▸ **WHAT THE EXERCISE ASKS**: For the records below, please print exactly and only the lines from the one with "Майка-безрукавка мужская Neon" down to the one with "Raw rainbow fluorite", both ends included, omitting the pictures.

▸ **SOURCE DATA**:
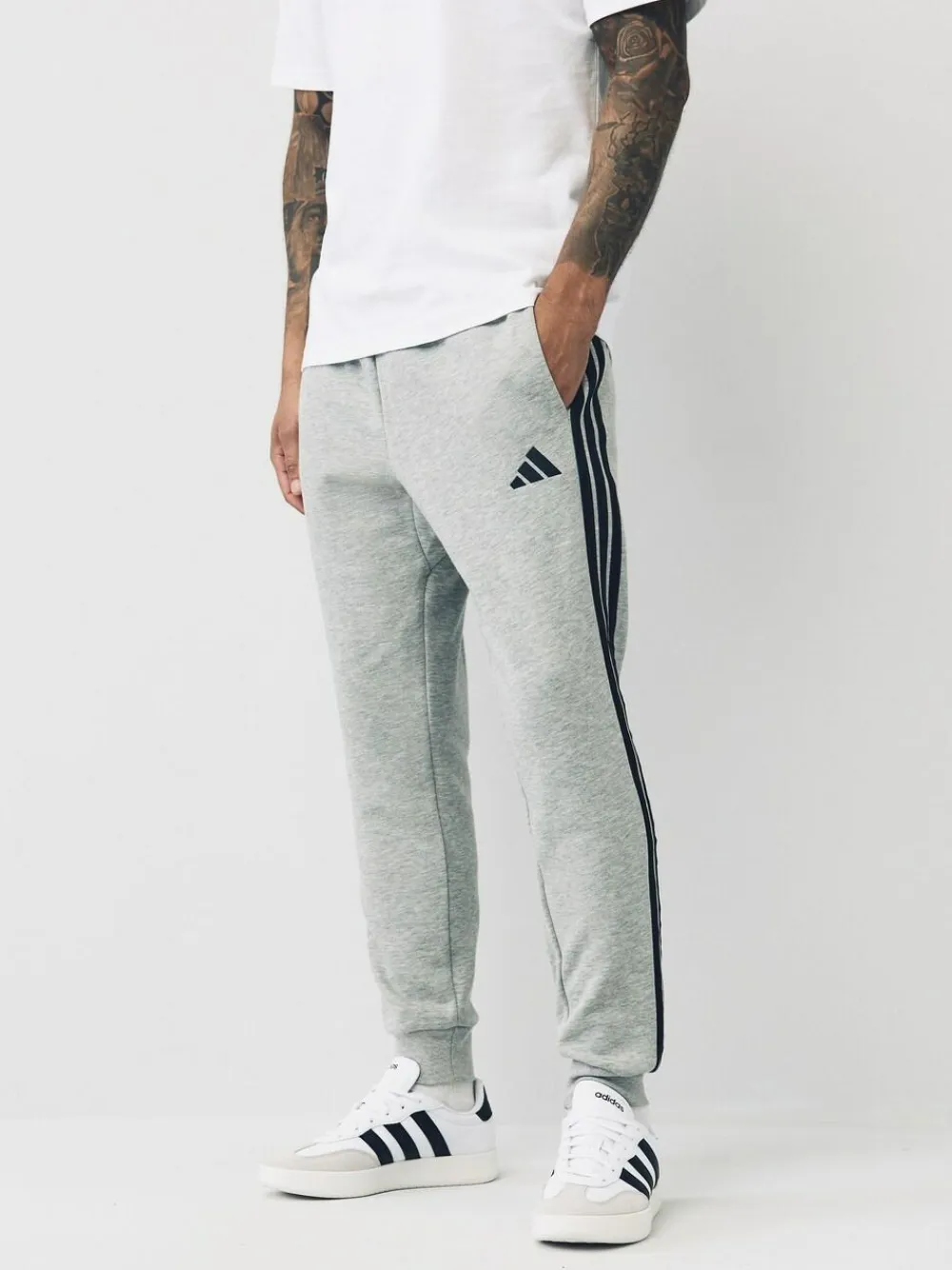 Sale adidas Essentials 3-Stripes Fleece Joggers Grey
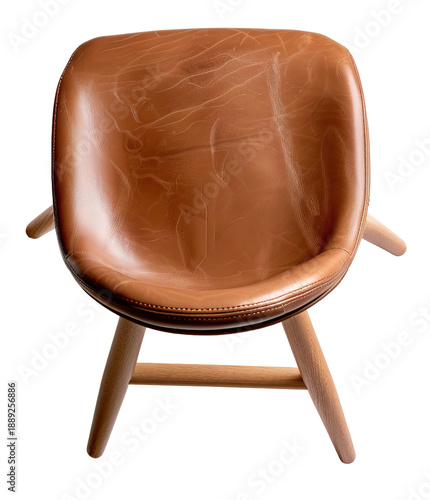 Wallpaper Mural Bar stool is shown from the top on a transparent background. It has a simple design made of wood and leather. This element can fit in many settings for practical use Torontodigital.ca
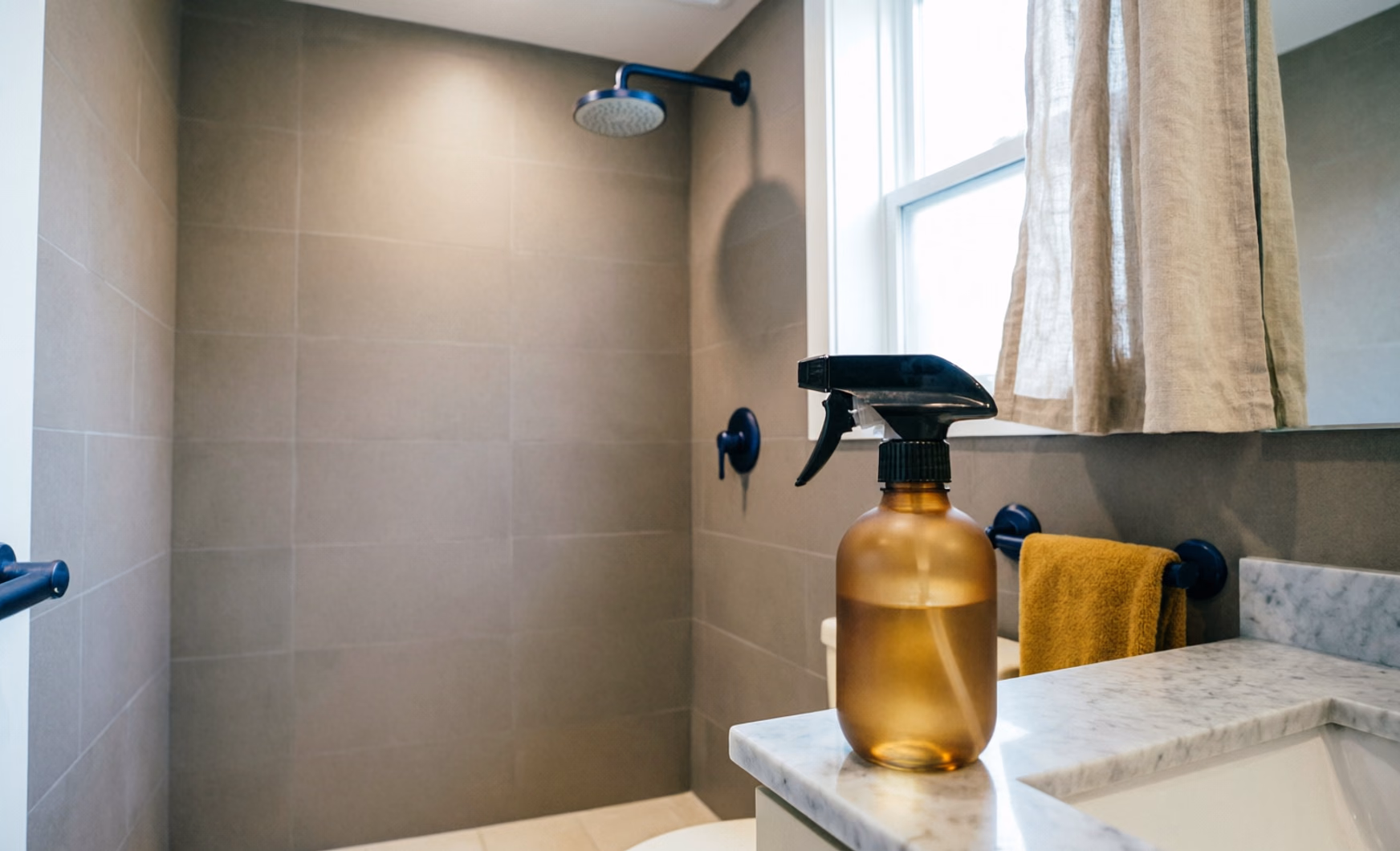 A tidy Ottawa bathroom with a small bag of white vinegar tied over a showerhead and a refillable spray bottle on the ledge, the low-cost DIY hacks behind these frequently asked questions.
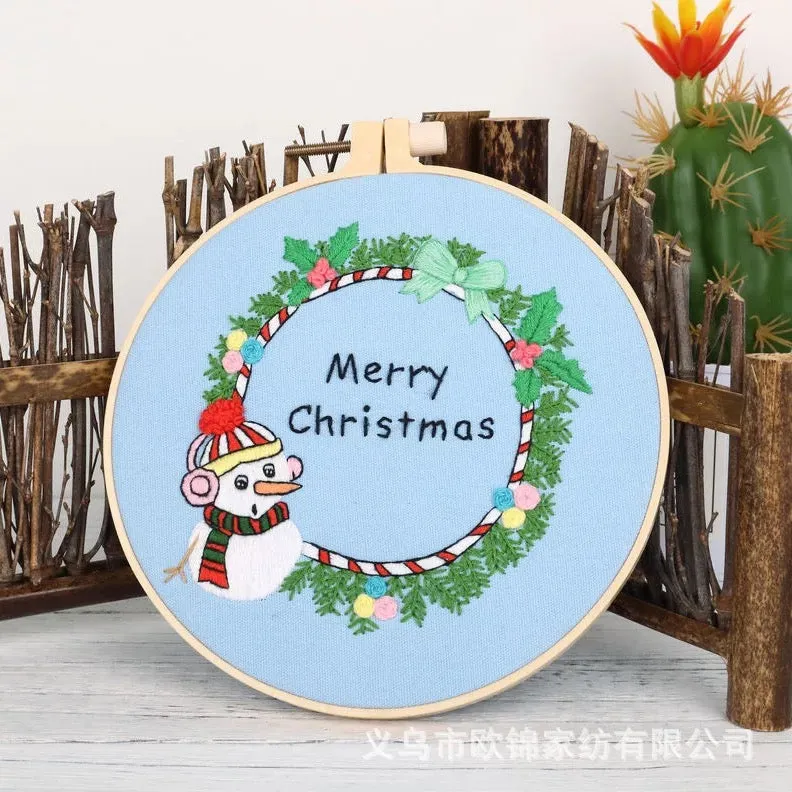 Christmas Gifts Hand Embroidery Kit 20cm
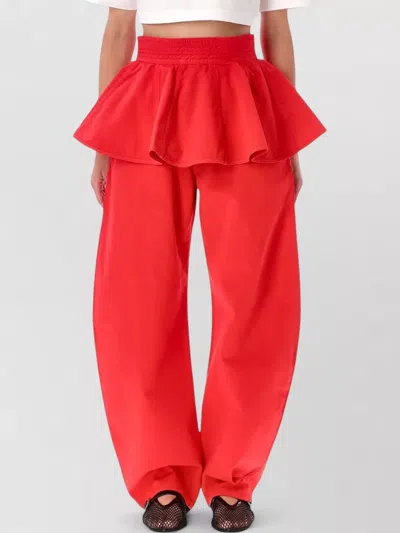 Alaïa Peplum Belt Tinted Denim In Red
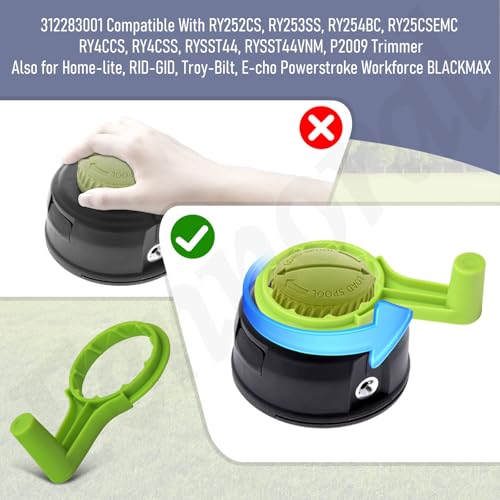 Fennoral AC04215 8\" Reversible Heavy Duty Hardened Steel Edger Blade & 312283001 String Trimmer Handle for Ryobi UT50500, UT15518, RY15518, RYEDG11, P2009, RY252CS, RY253SS, RY254BC Models
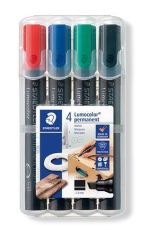 STAEDTLER  Permanentní popisovač Lumocolor 350, sada, 4 barvy, klínový hrot, STAEDTLER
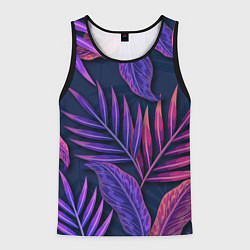 Майка-безрукавка мужская Neon Tropical plants pattern, цвет: 3D-черный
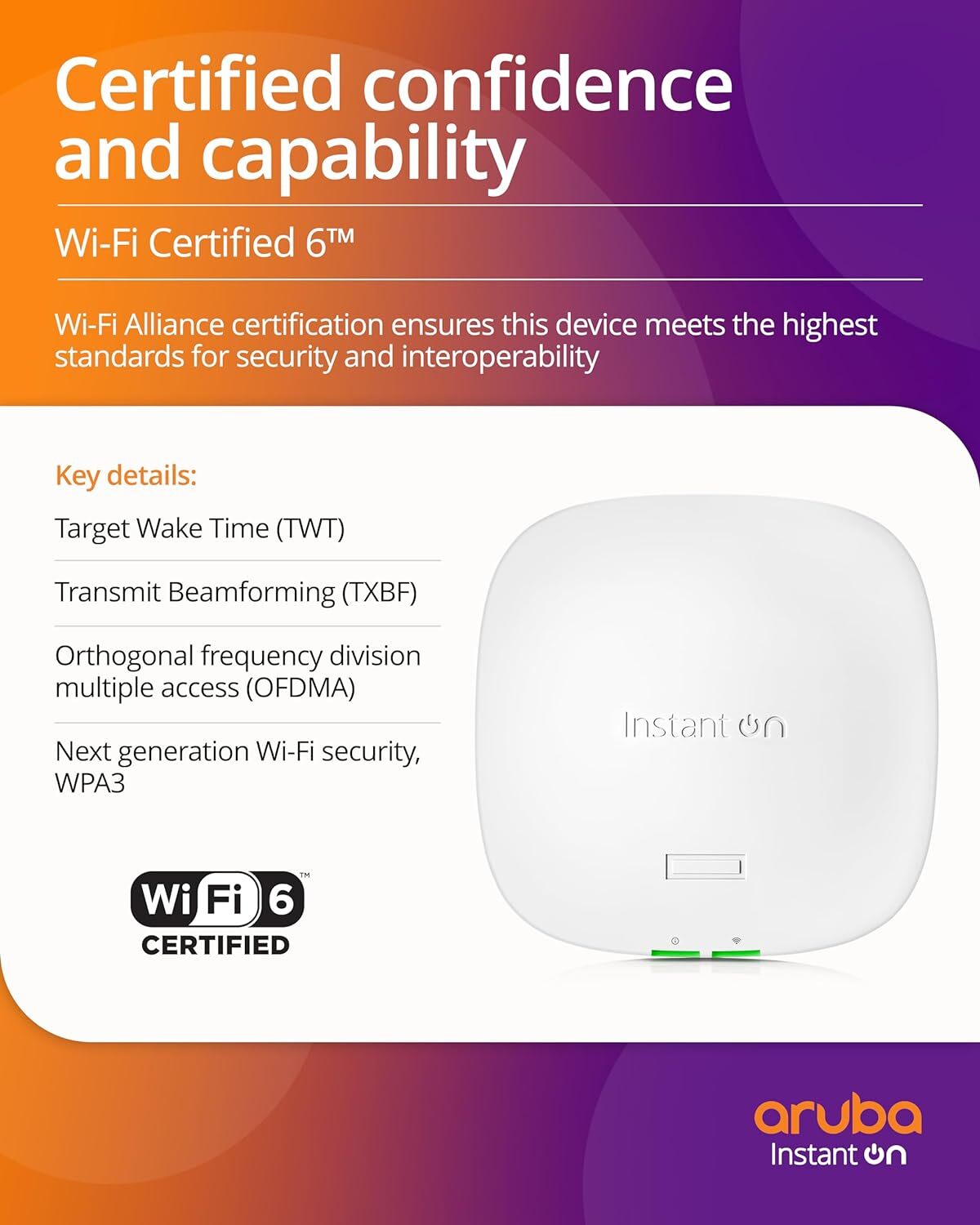 HPE Instant On AP21 2x2 WiFi 6 Access Point | Power source not included S1T08A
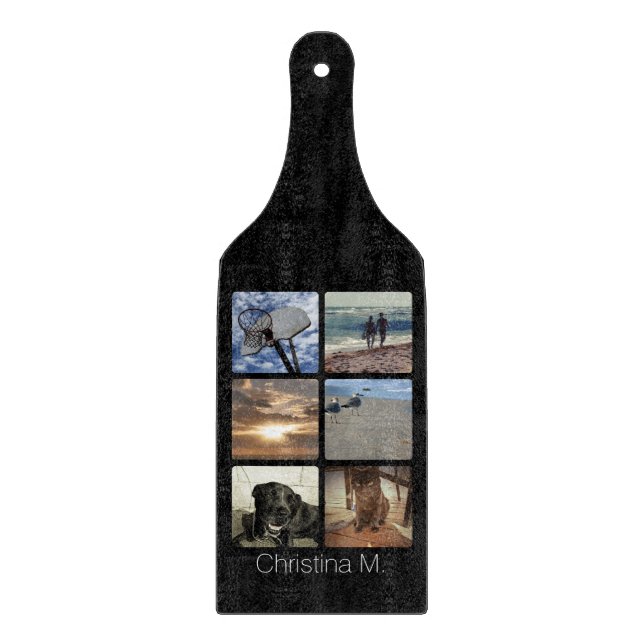 Kundenspezifische multi Foto-Mosaik-Bild-Collage Schneidebrett (Vorderseite)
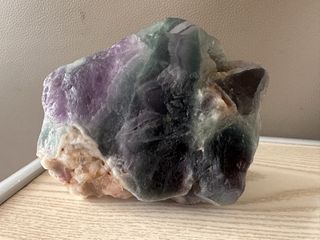 Raw rainbow fluorite crystal color spectrum display collection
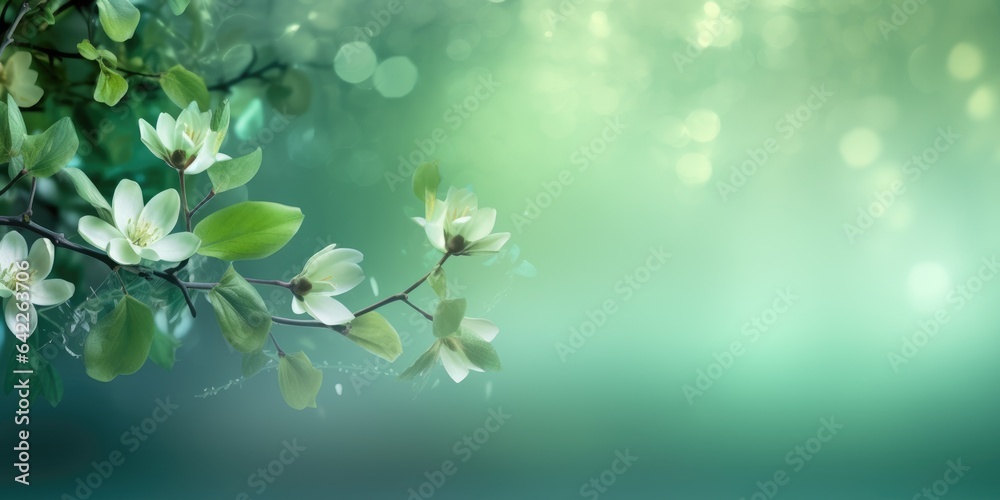 Beautiful abstract green misty morning photo floral design background banner. beautiful Generative AI AIG32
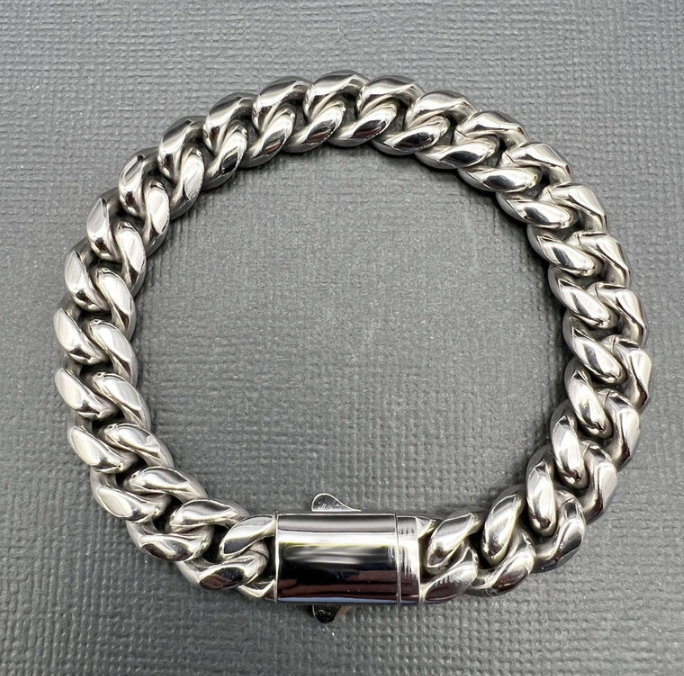 Silver-Filled Cuban Chain Bracelet, 10MM Wide - 19cm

▸ **OUTPUT OF THE EXERCISE**:
 Майка-безрукавка мужская Neon Tropical plants pattern, цвет: 3D-черный
 HPE Instant On AP21 2x2 WiFi 6 Access Point | Power source not included S1T08A
 Kundenspezifische multi Foto-Mosaik-Bild-Collage Schneidebrett (Vorderseite)
 Raw rainbow fluorite crystal color spectrum display collection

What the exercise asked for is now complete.